Skip to main content

Troubleshooting guide

This section walks you through some common pain points and their workarounds.

Kubernetes infrastructure troubleshooting

Unable to connect to Kubernetes infrastructure server

Most times, chaos infrastructure errors are a result of issues with the chaos infrastructure setup.

Workaround

If you are unable to connect to the Kubernetes infrastructure server, try the following:

  • Use ping on the subscriber or any other pod to test if the response times for app.harness.io or another URL are reasonable and consistent.
  • Use traceroute on app.harness.io to check the network route.
  • Use nslookup to confirm that the DNS resolution is working for app.harness.io.
  • Connect using the IP address for app.harness.io (you can get the IP address using nslookup). For example, http://35.23.123.321/#/login.
  • Check for local network issues, such as proxy errors or NAT license limits.
  • For some cloud platforms, like AWS EC2, ensure that the security groups allow outbound traffic on HTTPS 443.
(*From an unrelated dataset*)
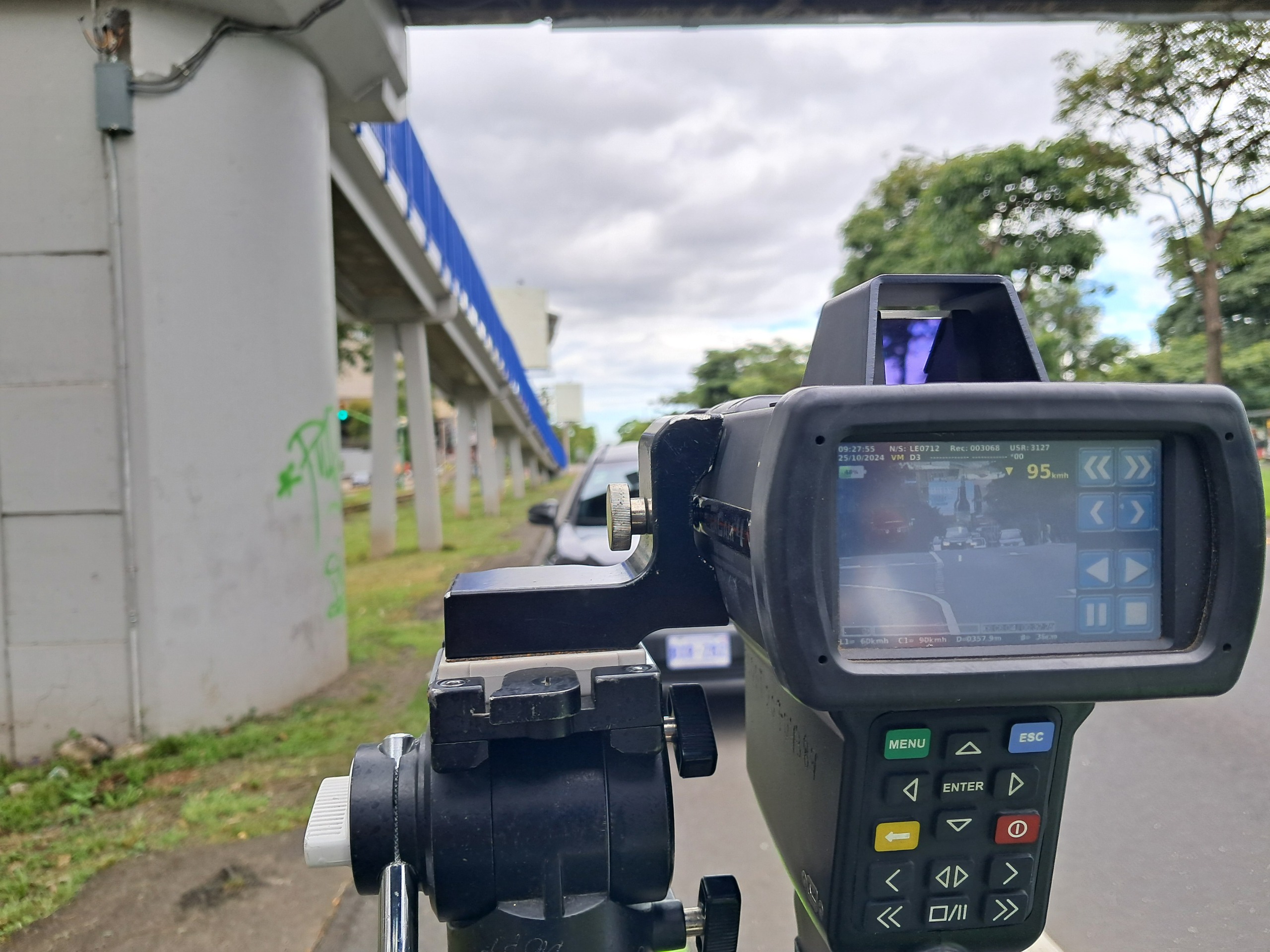 Tránsito realiza una multa por exceso de velocidad cada 2 horas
Connection to Kubernetes infrastructure fails after setting up the namespace and pods

When you set up the namespace and pods but when you connect to the Kubernetes infrastructure, it fails to connect, you can execute the commands mentioned below.

Debug

  1. Check the status of your chaos infrastructure on your cluster

    kubectl get pods -n <namespace_name>
  2. Check the chaos infrastructure logs

    kubectl logs -f <pod-name> -n <namespace_name>
    1. If the chaos infrastructure is not in a healthy state,

      kubectl describe pods <pod-name> -n <namespace_name>

Check the logs of all pods in the namespace.
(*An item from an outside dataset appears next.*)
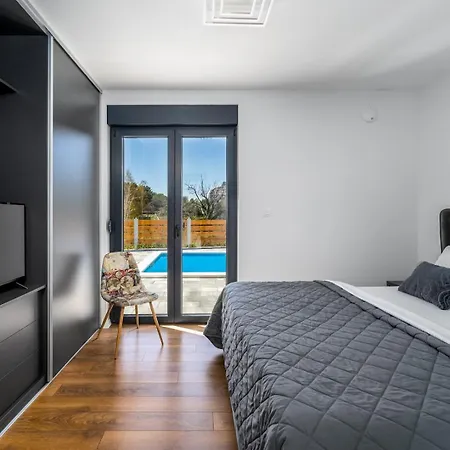 Villa New! Mir With Private Pool, 3 Bedrooms, 7km From Sandy *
Cluster in GCP has unschedulable pods

GCP may throw an error stating that a cluster has unschedulable pods. This may occur if you don't have sufficient space in your Kubernetes cluster.

Workaround

If your Kubernetes cluster isn't big enough and doesn't have autoscaling enabled, it can't run the delegate (remote component that helps access your k8s cluster and inject faults). To fix this issue, perform the following steps:

  1. Add more space or turn on autoscaling
  2. Wait for the cluster to restart
  3. Reconnect to the cluster
  4. Now rerun the following command:
$ kubectl apply -f harness-chaos-enable.yml

Environment variable and secret usage references in source mode of command probe

You can use secrets and environment variables in the source mode of the command probe using the manifest in the following manner:

source:
env:
- name: name
value: test
volumes:
- name: volume-secret
secrets:
- name: vm-credentials
volumeMount:
- name: volume-secret
mountPath: /etc/volume-secret

Memory stress fault stressng flag usage

When a memory stress fault (such as Linux memory stress or Linux CPU stress) is executed, the fault utilizes all of the available resources in the target system, thereby simulating an out of memory scenario. You can use another fault parameter, stressNGFlags to provide flexibility in the parameters passed to the VM.

Workaround

The stressNGFlags can be used in the following manner:

apiVersion: litmuschaos.io/v1alpha1
kind: LinuxChaosExperiment
metadata:
name: linux-memory-stress-dev
labels:
experimentID: "f7e4a412-74ef-4a0a-9b94-d894afb24be9"
experimentRunID: "9caeb3ca-b6f3-4e82-b96b-97d57428ef59"
context: linux-memory-stress
name: linux-memory-stress-dev
spec:
experimentId: "f7e4a412-74ef-4a0a-9b94-d894afb24be9"
experimentRunId: "9caeb3ca-b6f3-4e82-b96b-97d57428ef59"
cleanupPolicy: retain
steps:
- - name: task-1
tasks:
- name: task-1
taskType: "chaos"
weight: 10
chaosInfra: "b8d4e0e6-e883-48ad-8b6c-1886bf6edc21"
definition:
chaos:
experiment: linux-memory-stress
stressChaos/inputs:
duration: 30s
workers: 1
memory: 5m
stressNGFlags: "--vm-populate"
tip

The --vm-populate in the above manifest populates the memory, thereby stressing it. This is an example to demonstrate how the stressNGFlags flag attribute can be utilised.

Executing an experiment moves it to QUEUED state

When you execute an experiment but it moves to the Queued state, it means the Chaos manager was unable to send the experiment to the subscriber.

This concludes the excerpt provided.